In the same vein, Representative Sara Innamorato—another Western Pennsylvania official who recently won the Democratic nomination to be Allegheny County Executive—is working to rein in so-called TRAPS, abusive employee debt agreements which force workers to repay often hefty training costs before leaving for a new job. Her legislative work has also focused on reining in corporate power, whether through repealing tax subsidies, reforming antitrust and merger law, or ensuring people can access the resources fix their own homes, instead of selling them off to developers. That theme carried through to her county-level race, where she proved a whole lot of naysayers wrong and shook off a late barrage of attack ads to win, convincingly.

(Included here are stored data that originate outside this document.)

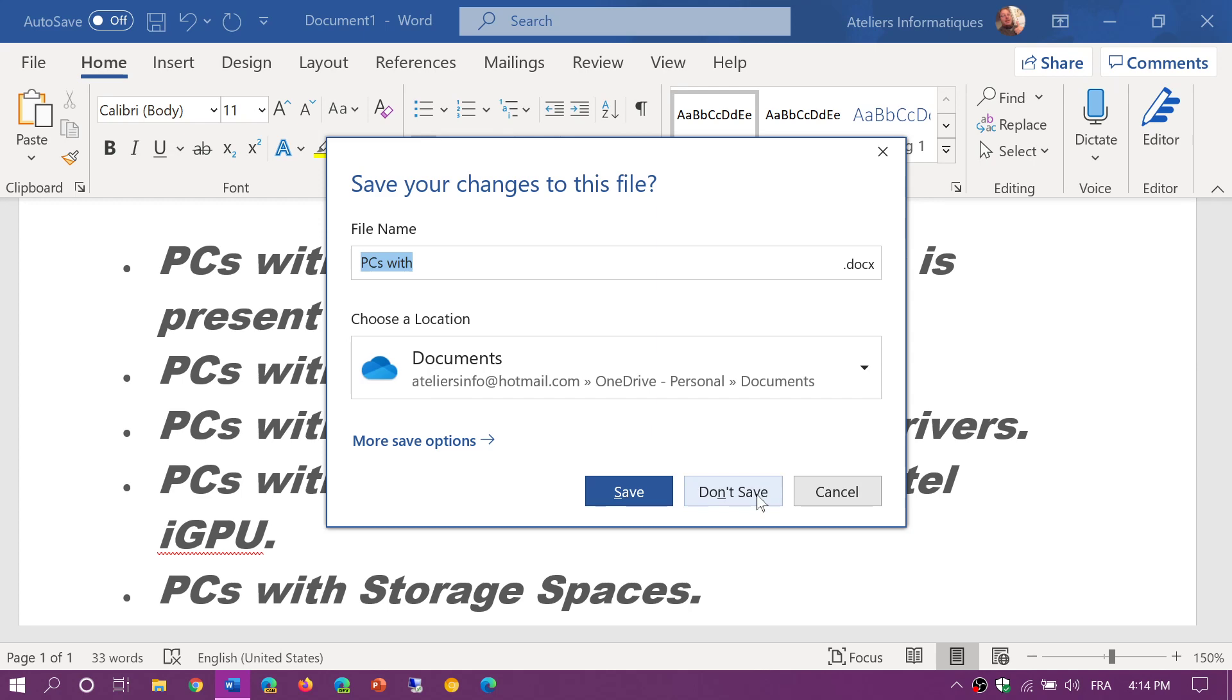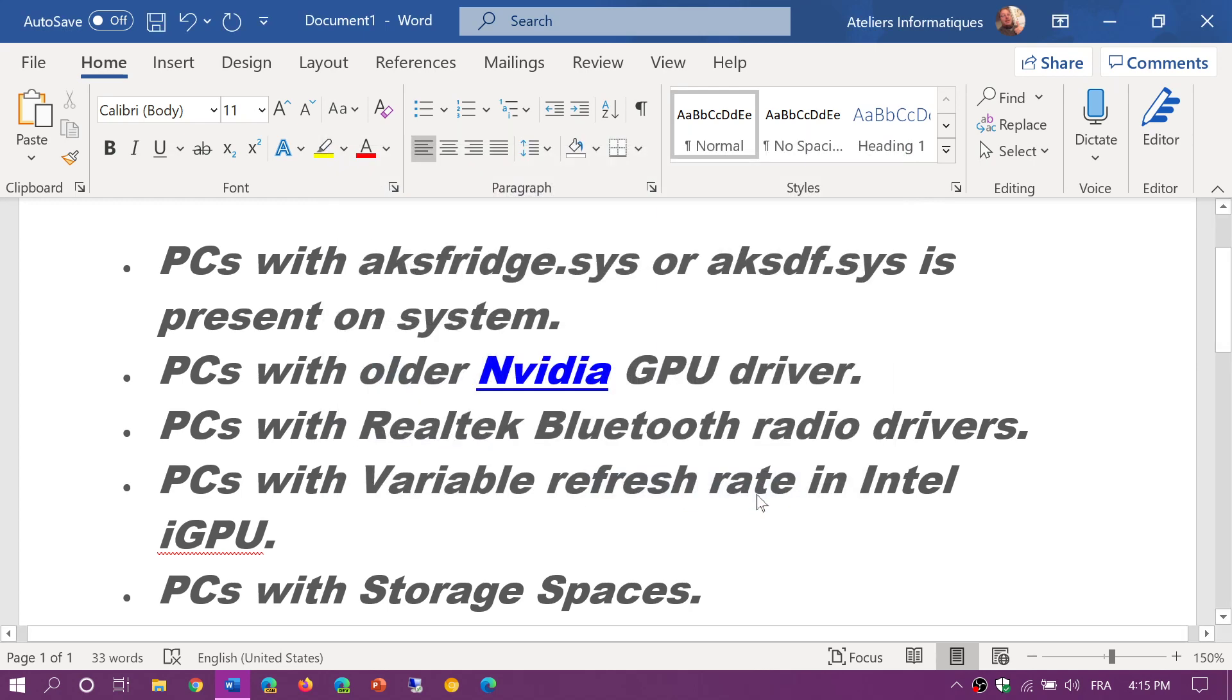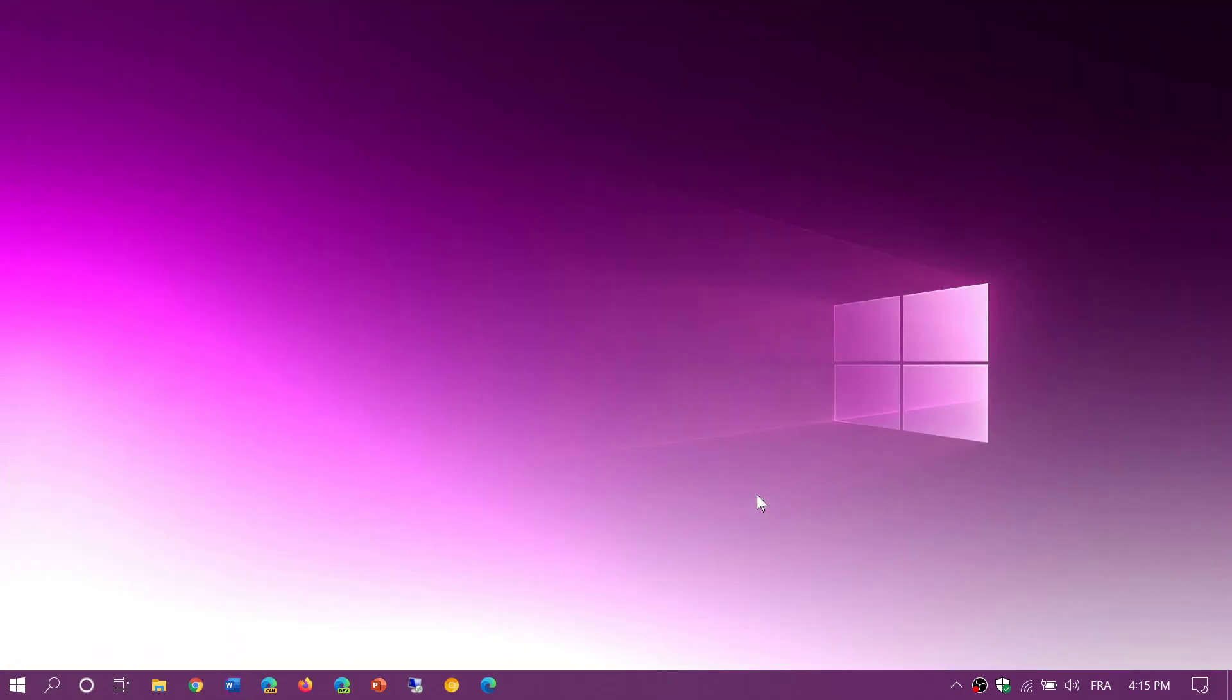Just head on to Windows Update and click to check for updates. And if you see the Windows feature update for the Windows May 2020 update,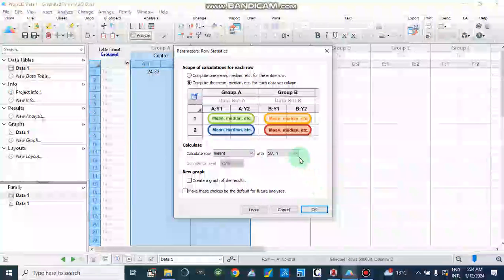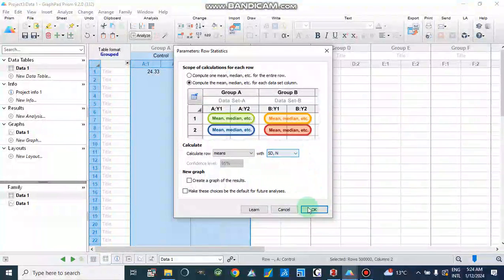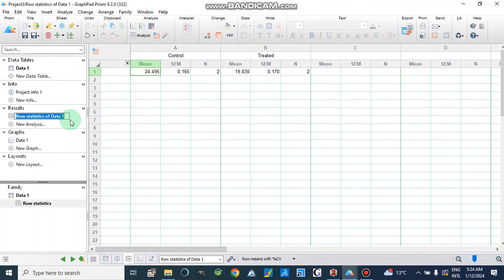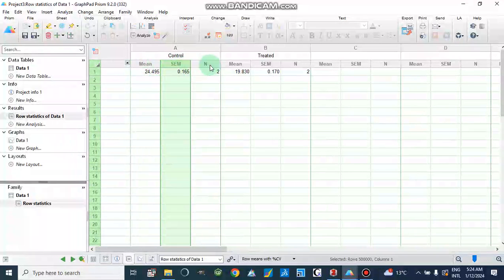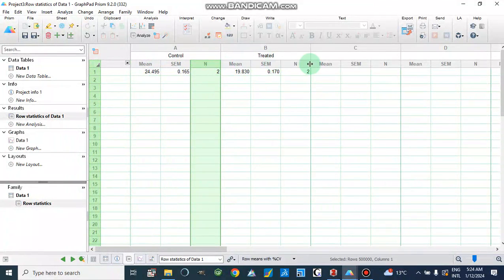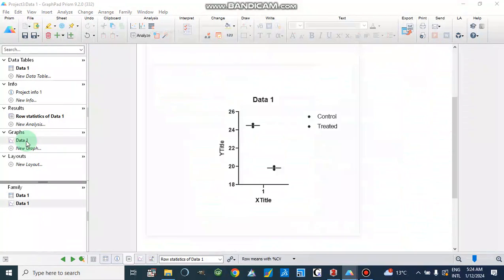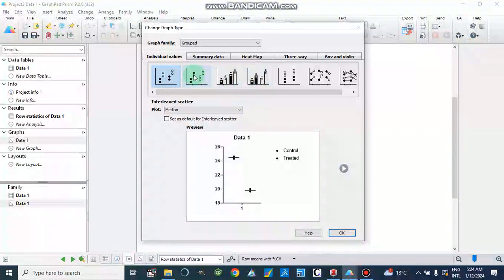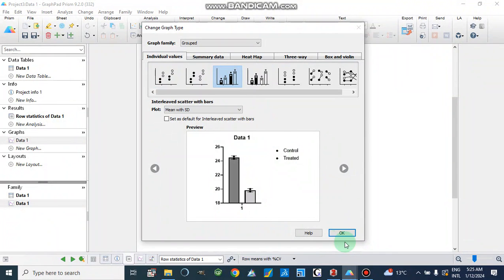If we want to make this data with standard deviation we can select that, or if we need standard error of mean we will select standard error of mean and click OK. The row statistics results appear in the results section showing mean of control, standard error of mean, and two replicates. Similarly we have mean, standard error of mean, and two replicates for the treated group. We will now make a graph from here.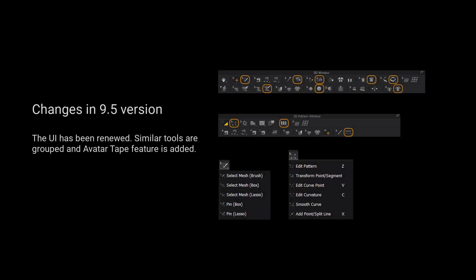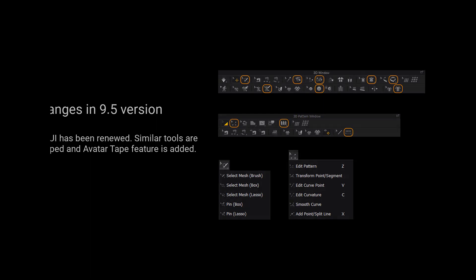For those using 9.5 and up, we have grouped more tools for a cleaner user interface. Please long press the left mouse button on the tool to view a list of all the tools in the tool group.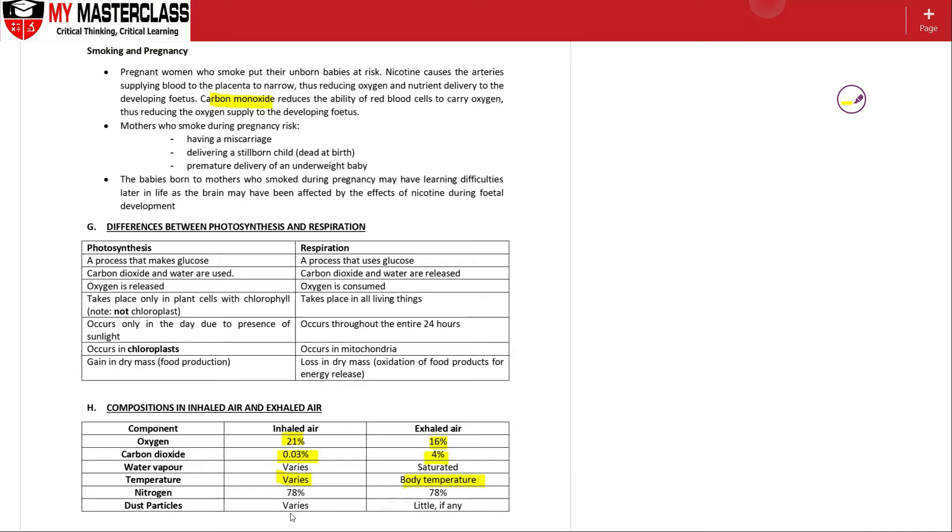Dust particles vary depending on whether you are in a place that is extremely polluted or whether you are in a countryside where there's barely any vehicles. If there's a lot of particles then of course the nose, the cilia itself will trap these particles.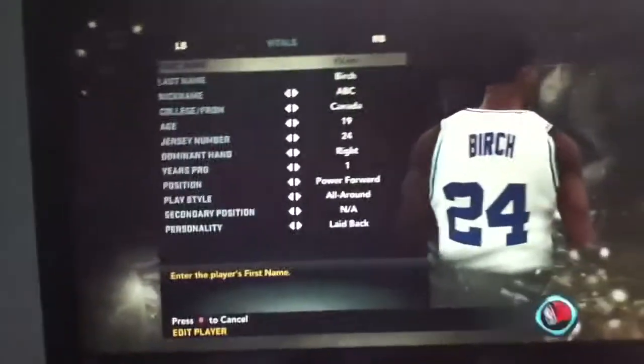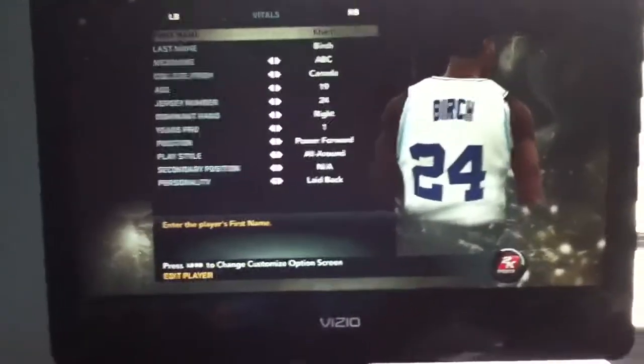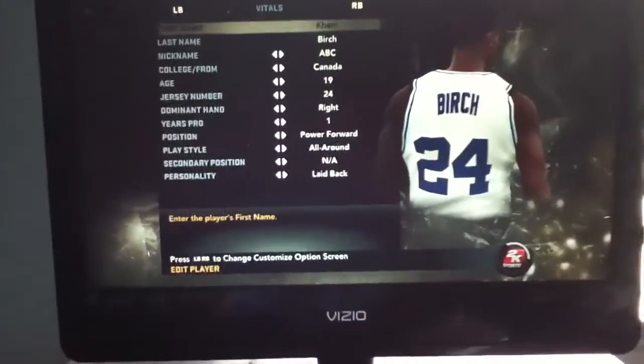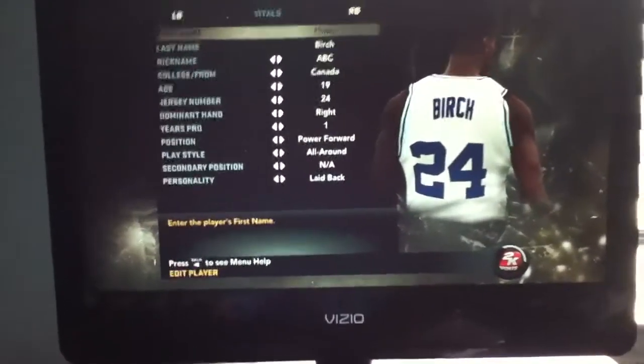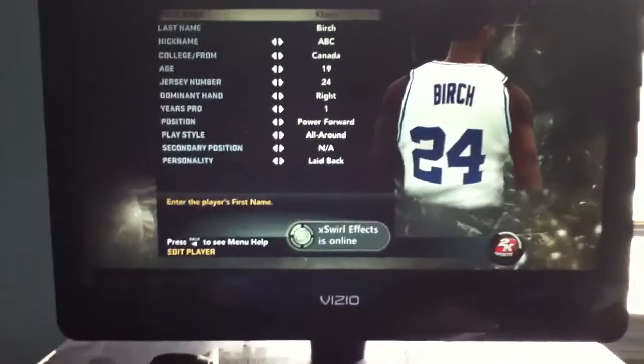ABC, Canada, 19, number 24, right-handed, one year pro, power forward all-around, no secondary position, lay back.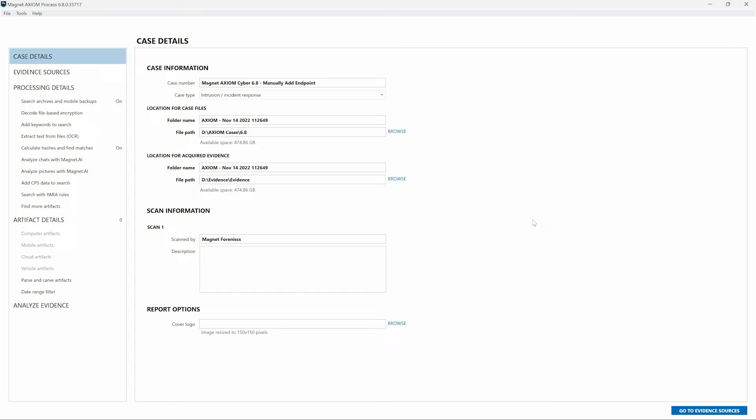Manually adding an endpoint can be performed as part of the acquisition of a single endpoint or as part of a queued collection with multiple endpoints. While there are a variety of use cases for this, let's walk through the process to see what it looks like.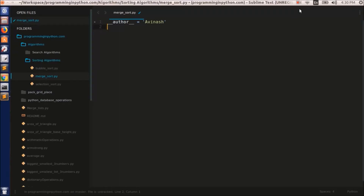Hello everyone, welcome back to programming in python.com. Here in this video, I am going to tell you about one more sorting technique, that is Merge Sort. In the previous two sorting techniques, we saw Bubble Sort and Selection Sort. Here we are going to see about Merge Sort.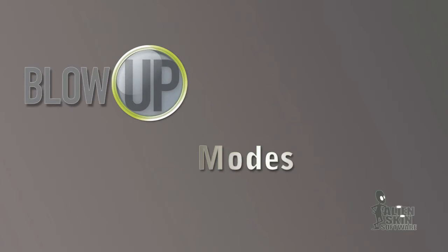Hi, Jimmy Beach here with Alien Skin Software. Let's talk about the different modes in Blowup 3.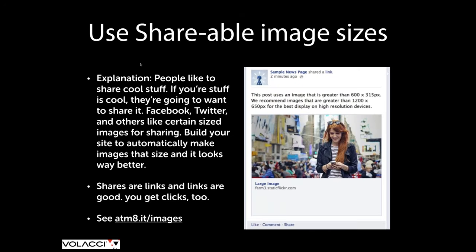The next thing is images. Popular social media sites like Facebook and Twitter have defined the right sizes they want you to use when sharing content on their platforms. The value of doing that is that shared content looks better, gets more eyeballs, and drives more traffic back to your site. There's a link to Facebook's guidelines — they specify the minimums and maximums they'd like. If you can build those image sizes into Drupal using image size tools, you'll have a much more shareable website.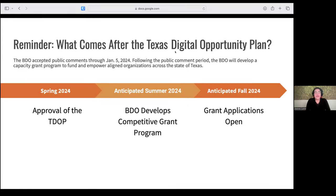The public comment period ended January 5th. The BDO will now develop a capacity grant program to fund and empower aligned organizations across Texas once the plan has been completed incorporating public comment. Spring of 2024 will be the approval of the plan. Summer of 2024 is when we anticipate the competitive grant program to be developed, and grant applications are anticipated to open in fall of 2024.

What these perhaps disparate policy fights all have in common is they are connected to the real economy that people see and feel in the jobs they work, the bills they pay, the stores they shop in, the events they want to attend. Focusing on such tangible matters builds trust and appeals across the political spectrum on issues where Democrats tend to trail Republicans, generally (if unfairly): Who is more focused on the economy, who is more likely to create jobs, and who will do the most to bolster local businesses.

Ending on a Positive Note

The field that I worked in as a grad student has evolved in very exciting ways over the past thirty years!  It cracks me up that while there was no market for my specific expertise when I graduated, there’s considerable demand for it now.  (Suffice it to say that I’m a little rusty, but I would love to get back into it.)  From the American Physical Society, Atom and Molecule for Quantum “Blockade”:

To perform quantum computations using the quantum states of atoms, those states need to be entangled, making them interdependent. One way to do that uses an effect called the Rydberg blockade, whereby two atoms are coupled such that only one of them can be in a highly excited (“Rydberg”) state at any moment. Such coupling has now been demonstrated for the pairing of an atom with a molecule [1], a system that offers advantages over using atoms alone. The result opens the way to implementing quantum logic gates using such atom–molecule pairs and to fundamental investigations involving the precision control and measurement of the quantum states of molecules.